We want answers, we want comfort – but truly, there ARE no easy words.
Our reading spoke of a love that is stronger than death – a love that survives all things – and the pain that you are feeling at the moment is evidence of the strength of your love.
At times of great suffering, people of faith look to their God for some explanation, some meaning, and when that is hard to come by they may at first turn away, defeated. God seems to be silent, even here in church – but behind me stands the cross – a reminder that God too went through the untimely death of his only Son...and that he is weeping with and for you.
What's more, when he came to share our life, Jesus also shared that sadness and desolation you feel in the face of your loss.
As he faced his own death ,He felt himself cut off from his heavenly Father and cried out words that will seem very real to you
“My God, my God why have you abandoned me?”

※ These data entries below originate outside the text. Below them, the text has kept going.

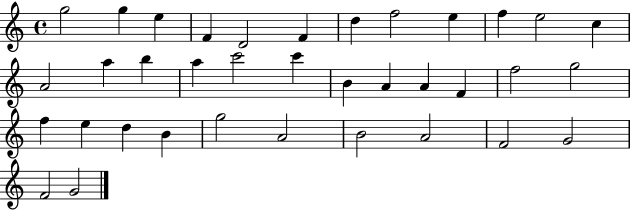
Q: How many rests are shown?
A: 0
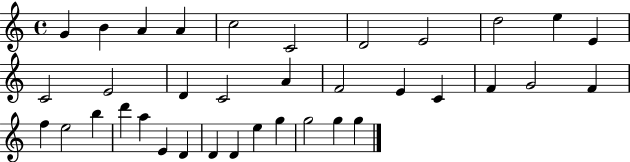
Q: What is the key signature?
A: C major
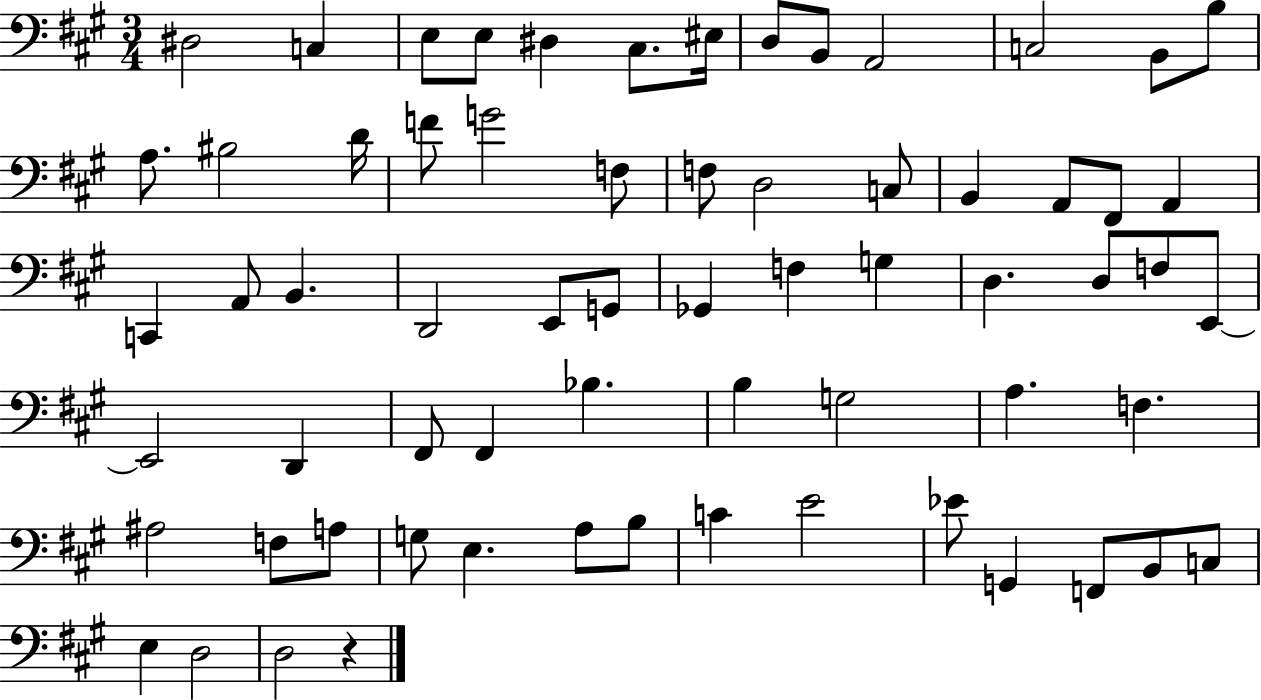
X:1
T:Untitled
M:3/4
L:1/4
K:A
^D,2 C, E,/2 E,/2 ^D, ^C,/2 ^E,/4 D,/2 B,,/2 A,,2 C,2 B,,/2 B,/2 A,/2 ^B,2 D/4 F/2 G2 F,/2 F,/2 D,2 C,/2 B,, A,,/2 ^F,,/2 A,, C,, A,,/2 B,, D,,2 E,,/2 G,,/2 _G,, F, G, D, D,/2 F,/2 E,,/2 E,,2 D,, ^F,,/2 ^F,, _B, B, G,2 A, F, ^A,2 F,/2 A,/2 G,/2 E, A,/2 B,/2 C E2 _E/2 G,, F,,/2 B,,/2 C,/2 E, D,2 D,2 z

It's a question he borrowed from the book of Psalms, an ancient collection of prayers and religious poems in which men and women are completely real with God...Faced with situations that make no sense pour out their anger and misery in passionate lament, again and again and again.

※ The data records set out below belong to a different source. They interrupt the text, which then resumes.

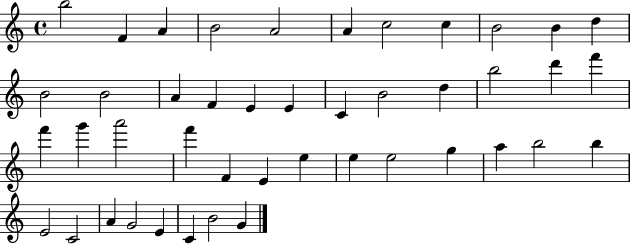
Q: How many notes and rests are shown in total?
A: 44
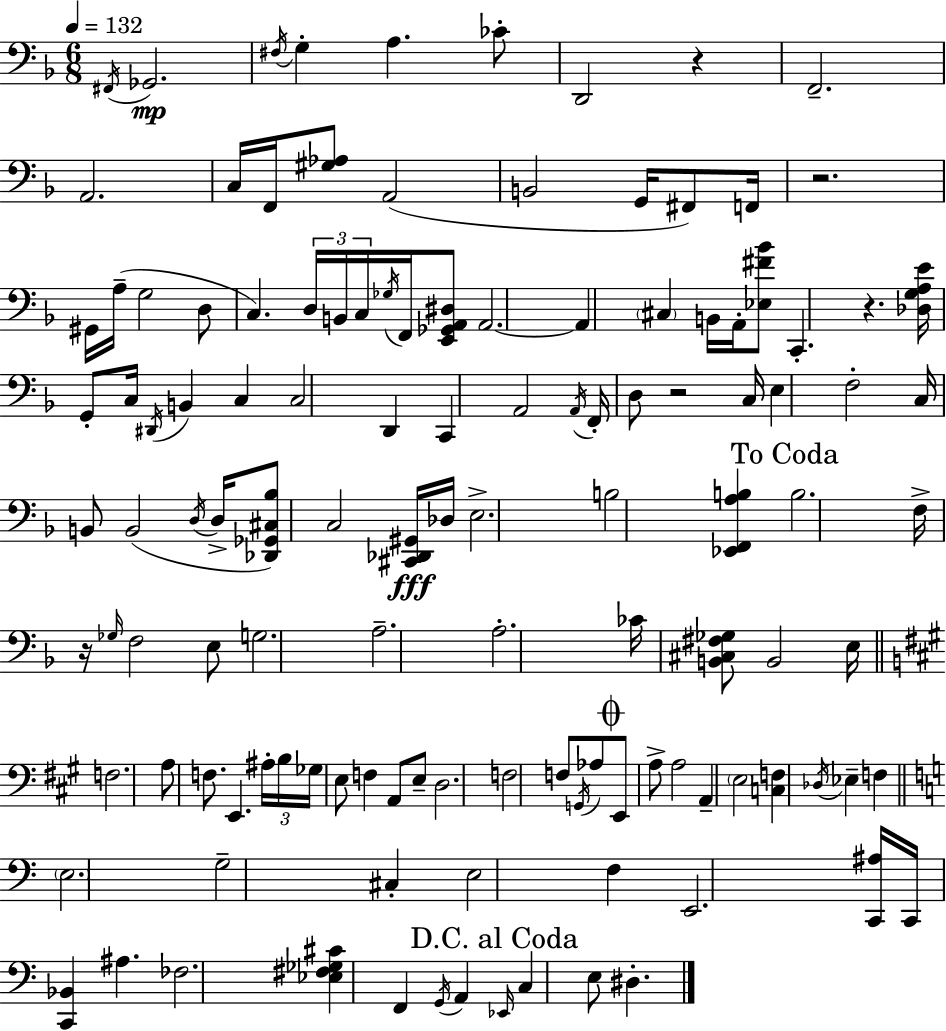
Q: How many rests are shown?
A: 5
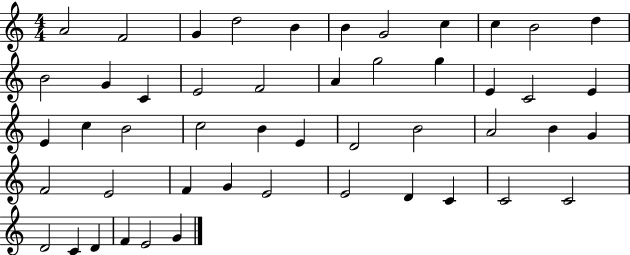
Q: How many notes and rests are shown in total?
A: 49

The cry, they rage – but they keep the conversation with God going, because it seems to them that only God has shoulders broad enough to hold them through the storms til the worst of their heartbreak and anger is past.
Their protests, though, are an act of faith – that someone IS still listening....
This contemporary prayer does much the same job
God, we are told you are compassionate:
today this is hard to believe.
God, we are told that you love us:
today we do not feel loved.
God, we are told that we should offer you our praise and thanksgivings,
today all we have to offer is anger and confusion.
God, despite these feelings we turn to you,
today there is no one else to turn to.
God, hold us until we can believe again.
God, love us until we can feel your love again.
God, accept our anger and confusion until we can offer you praise and thanksgiving again.
God, our lives and our feelings rise and fall but you remain constant.
Help us to rest in your eternal changelessness.
For the moment, that might be the best you can hope for.
You have a long, hard journey ahead of you – and though many of us will want to walk beside you, to support you with our love and our prayers, I'm afraid there are really no short cuts.
Love WILL get you through....for love is the strongest thing in the universe...stronger than sadness, stronger than despair, stronger even than death.
Conceived in love, carried and born in love, H knew nothing but love through each precious day of his life. We all know that if love were enough to keep him alive, he'd be here in your arms today, - and it is in that love that he will live all your lives long.
And, more, I am certain that with God nothing is ever lost or wasted.
The love the brought Jesus through the darkness of death into the dawn of everlasting life on Easter morning now holds H secure and reaches out to each of us today.
It's hard to feel it as we struggle with grief but, like the sun behind clouds, God's love exists even when it is hidden...
Always, no matter what, Love wins.
For now there are faith, hope and love – but the greatest of these is love.